January 5, 2012
Madden Dam and Lake Alajuela
The United States took over the task of construction of the
Panama Canal on may 4, 1904, after quite a debate as to where would be the best
site for this project, even after the French had already started construction in
Panama. The U.S. considered five routes before deciding to continue the
work the French had already begun. As you can see below, these routes
included (1)through the narrowest point in Mexico, (2) through Nicaragua, (3)
the French route through Panama, (4) a second route through Panama going roughly
from the Gulf of San Blas to Chepo and (5), through Colombia using the Atrato
Map: US Army Corps of Engineers
The French had considered several alternatives canal designs
including their initial effort for a sea level canal and, later, on their second
attempt, a locks canal. With greater engineering information, the U.S.
abandoned the French design and proceeded with a locks design based on a large
lake 85 feet above sea level. The French sea-level design suffered greatly
from the large volume of excavation required and from flooding that would have
occurred along the Chagres River. By constructing a dam (Gatun
Dam) near the mouth of the Chagres, the combined effect of reducing
excavation and mitigating flood impacts was achieved at the cost of constructing
The Panama Canal watershed is 1289 square miles drained by six
major rivers of which the Chagres is the largest. Five major stream gages
keep track of the flow from these rivers into Gatun Lake. These stream gage
locations, shown in the map below, are: the Gatun River at CIENTO; the Boqueron
River at PELUCA; the Pequeni River at CANDELARIA; the Chagres River at CHICO;
the Trinidad River at EL CHORRO; and the Ciri Grande River at LOS CANONES.
Map: US Army Corps of Engineers
When the canal operations began in 1914, it became evident that,
for water management purposes, another dam was needed. And it had to be
above Gatun Lake. Thus, on October 13, 1931, construction on another dam
was begun up the Chagres near the location of a little town called
Alajuela. The dam was named Madden, after U.S. Congressman Martin B.
Madden, Chair of the House Appropriations Committee, who played an
important role in support of the project. The dam would not only help
control the tremendous floods of the Chagres, but also hold water in reserve for
periods when traffic through the canal was at its highest point. And
additional benefit was the hydroelectric power it generated for use in the
operation of the canal.
Madden Dam is located 250 feet above sea level and retains 29
million cubic feet of water. It was constructed by the engineering companies of
W.E. Callahan and Peterson, Shirley & Gunther of Omaha for $4,047,407
(Note 1) which was a lot less than had been estimated by the Isthmian Canal
Commission. The design and construction work was under the direction of
E.S. Randolph, who stayed at the job site through out its construction.
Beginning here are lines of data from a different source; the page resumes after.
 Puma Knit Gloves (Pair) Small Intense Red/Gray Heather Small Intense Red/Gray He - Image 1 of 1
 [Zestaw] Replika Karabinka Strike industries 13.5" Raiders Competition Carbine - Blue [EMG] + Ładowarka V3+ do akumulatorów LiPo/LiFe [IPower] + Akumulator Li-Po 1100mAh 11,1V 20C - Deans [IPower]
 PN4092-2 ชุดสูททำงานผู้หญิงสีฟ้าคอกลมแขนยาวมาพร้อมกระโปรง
The contract was signed by General Burgess, who was the Governor of the Canal
Zone at the time.
Madden Dam and what is now called Alajuela Lake.
Photo by Panama Canal Co.
The resulting lake was called Madden Lake for many years but,
eventually, this was changed to Alajuela Lake. This lake has a perimeter
of 189 miles. The dam is 930 feet long and rises 220 feet from its
foundation. Up to 893 persons, divided almost evenly between the
contractor and the Canal Zone government, were employed during its peak
construction period. Completion of the dam was accomplished on February 5,
1935, five months ahead of schedule and was hailed as another triumph of U.S.
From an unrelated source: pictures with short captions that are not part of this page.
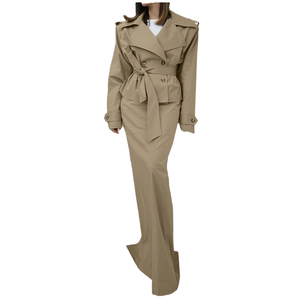 Conjunto de Dos Piezas para Mujer, Estilo Moderno, Nuevo, Chaqueta de Manga Larga con Cuello de Solapa y Lazo Frontal, Falda Corta, Estilo Casual - Product Image 1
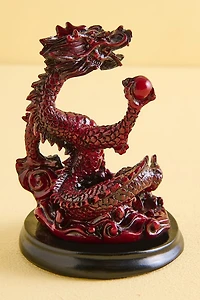 Prosperity Red Resin Dragon Figurine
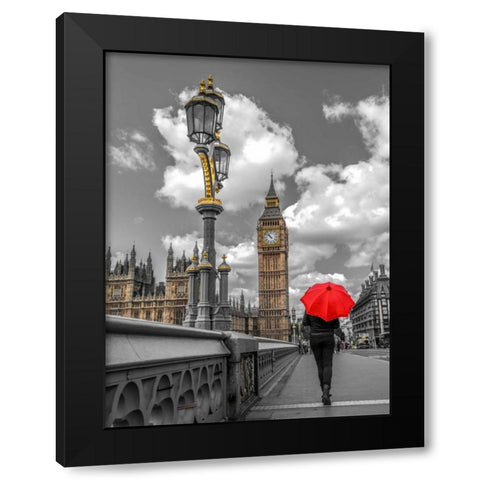 Tourist with an umbrella on Westminster Bridge, London, UK Black Modern Wood Framed Art Print with Double Matting by Frank, Assaf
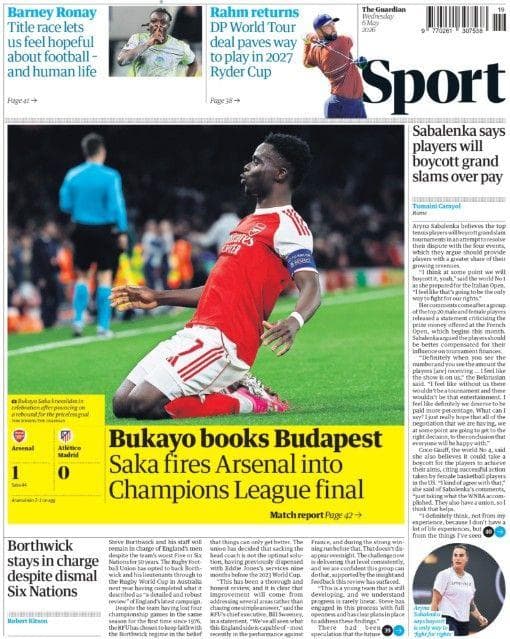 The Guardian back page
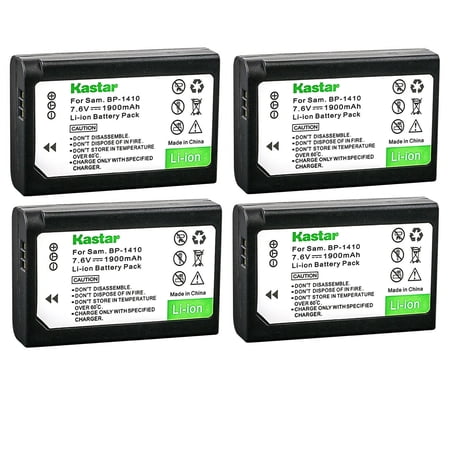 Kastar Battery 4-Pack Replacement for Samsung ED-BP1410 BP-1410 Battery Samsung NX30 EV-NX30ZZBGBUS WB2200 Digimax WB2200 WB2200BMBCL WB2200F Digimax WB2200F Cameras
engineering in the history of the Canal. The Canal Zone government
proceeded to build a concrete paved road 12-1/2 miles long connecting the new
dam to the town of Summit.
Madden Dam in present days. Photos: Panama Canal
Madden Dam shortly after completion. LIFE
Madden Dam is maintained and operated by the Panama Canal
Authority. This large reserve of water has lived to its expectations
providing water to (1) help maintain water levels necessary to operate the canal
during the dry season, (2) control flooding of the Chagres and (3) providing
hydroelectric power for the area.
Sources: Dr. Alonso Roy, M.D., Escritos Historicos de
Panama; Timothy Davis, Sioux Falls Travel Examiner, 5-18-10;
NOTE 1: Dr. Roy states that the contract for the dam was $4,047,407. However, industcards gives a figure of $$10.6 million.